BEGIN Supplied material
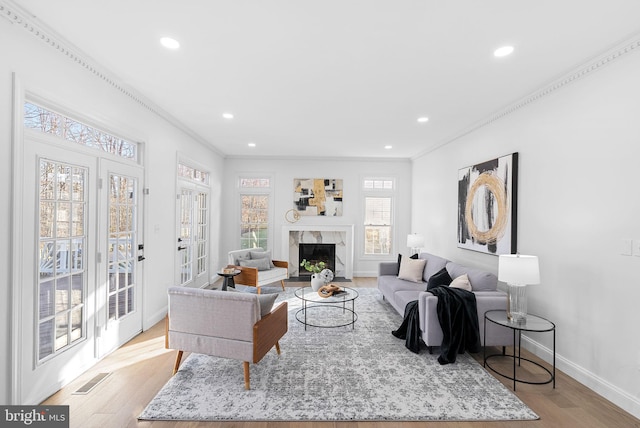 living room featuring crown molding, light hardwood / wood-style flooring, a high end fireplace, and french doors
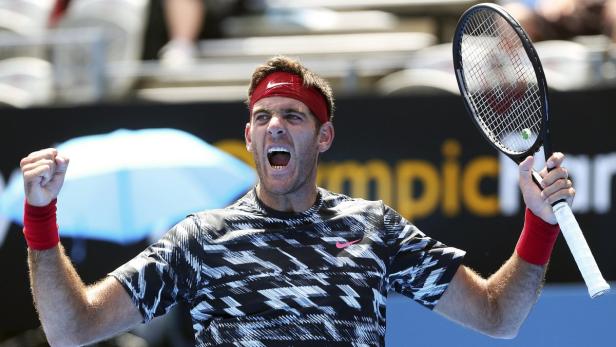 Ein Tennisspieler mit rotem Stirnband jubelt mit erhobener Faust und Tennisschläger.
END Supplied material
BEGIN Supplied material
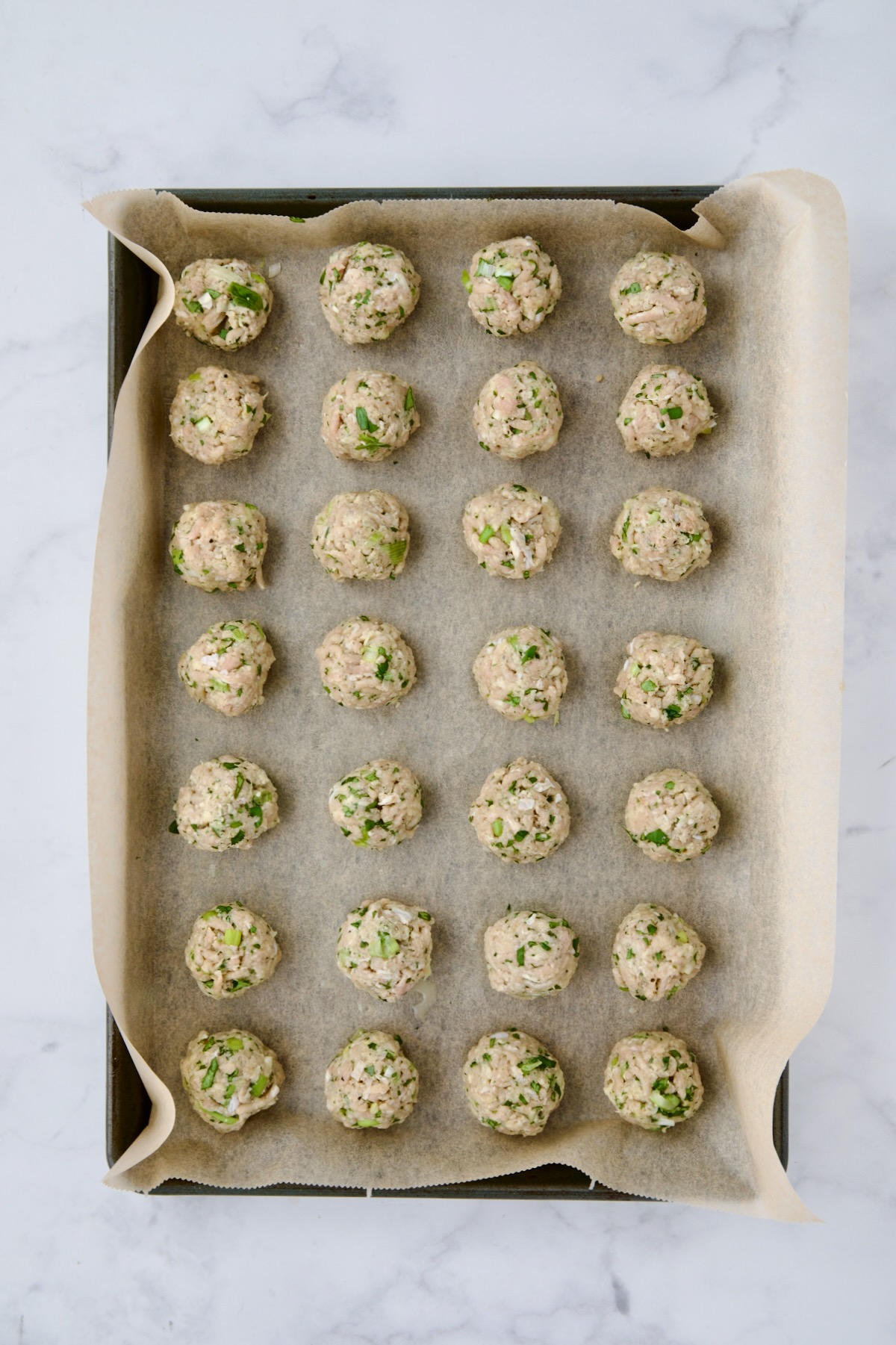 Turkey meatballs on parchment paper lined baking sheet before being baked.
END Supplied material
- Aim of the task
In the records above, find the line with "living room featuring" and the line with "Ein Tennisspieler mit". Write out exactly those lines and every one between, with no pictures and no other lines.

- The completed task
 living room featuring crown molding, light hardwood / wood-style flooring, a high end fireplace, and french doors
 Ein Tennisspieler mit rotem Stirnband jubelt mit erhobener Faust und Tennisschläger.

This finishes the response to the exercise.